A Vernon, in Normandia, fervono i lavori su un razzo riutilizzabile che l’Europa spera rallenterà l’ascesa di SpaceX di Elon Musk. Maiaspace – una sussidiaria di ArianeGroup, il maggiore produttore di razzi europeo – sta entrando in un periodo cruciale di test per i piani di lanciare il primo lanciatore parzialmente riutilizzabile d’Europa nel 2026, mirato principalmente a piccoli satelliti commerciali. Lo sforzo per rendere l’Europa più competitiva arriva un decennio dopo che i principali governi europei hanno deciso di sviluppare il lanciatore pesante Ariane 6 senza renderlo riutilizzabile, con alcuni critici che lo hanno definito obsoleto ancor prima del suo debutto commerciale, il prossimo anno.
“Da questa parte dell’Atlantico abbiamo trascurato le tecnologie di riutilizzabilità.

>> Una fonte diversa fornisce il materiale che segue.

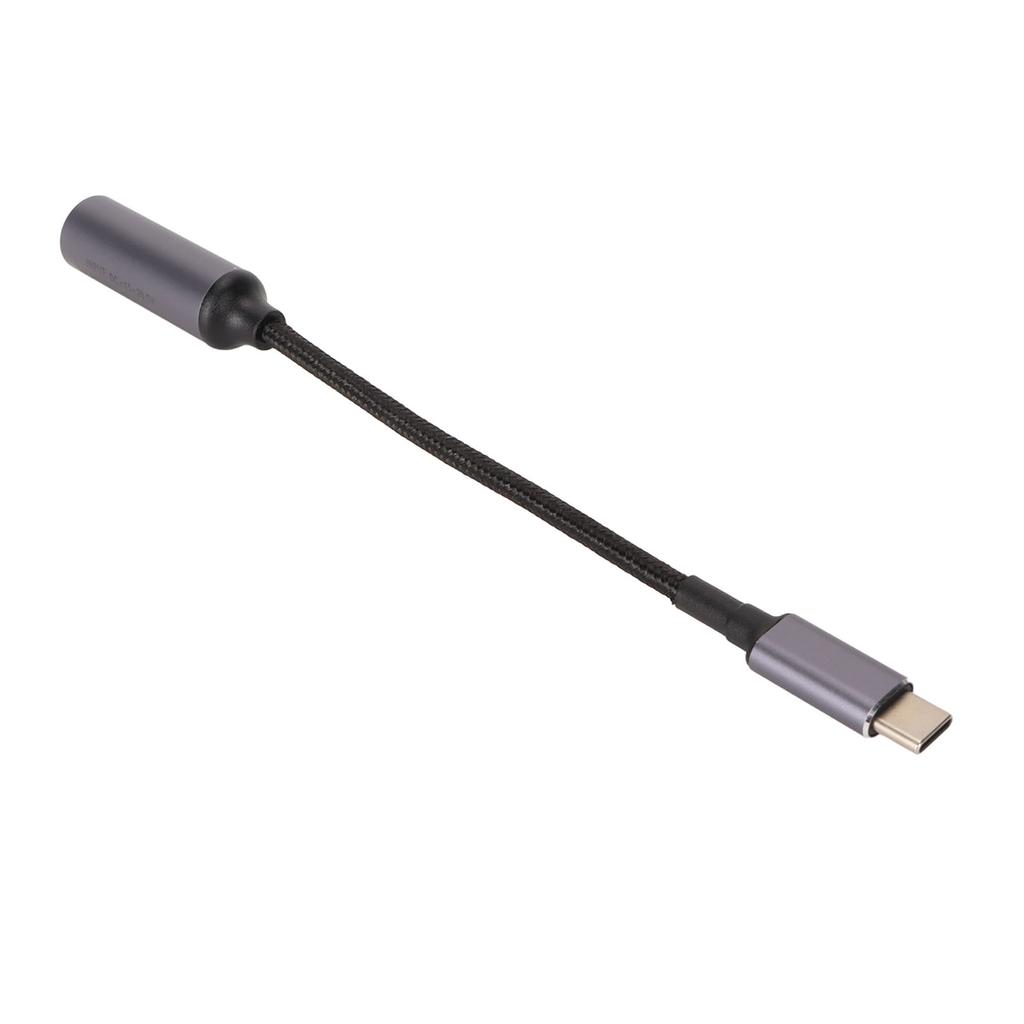 DC 5.5mmx2.1mm Female Input To Type C Male PD Charging Cable 100W DC5521 To USB C Cable with PD Automatic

Per essere competitivi dobbiamo abbassare i costi e recuperare il primo stadio”, ha dichiarato il CEO di Maiaspace, Yohann Leroy.
Il progetto di Maiaspace
I piani per la creazione di Maiaspace sono stati annunciati per la prima volta a dicembre 2021 dall’allora Ministro delle Finanze francese Bruno Lemaire, che criticò “la scelta strategica sbagliata” del 2014 ed espresse l’ambizione di costruire “il nostro SpaceX e il nostro Falcon 9“.
I progetti prevedono un lanciatore di medie dimensioni il cui primo stadio può essere opzionalmente recuperato su una chiatta al largo dello spazioporto europeo nella Guyana francese e riutilizzato cinque volte. Il razzo a due stadi può inoltre essere equipaggiato con un piccolo “Kick Stage” extra per aumentare le prestazioni. Trasporterà tra 0,5 e 4 tonnellate a seconda dell’orbita e del carico utile, se il primo stadio verrà recuperato. Ciò lo colloca vicino al cugino più piccolo di Ariane 6, il Vega C italiano non riutilizzabile da 2,3 tonnellate, tornato nello spazio la scorsa settimana.
Finora l’obiettivo di emulare SpaceX sembra lontano, ma i funzionari europei scommettono che progetti come Maiaspace porteranno ad un erede riutilizzabile di Ariane 6.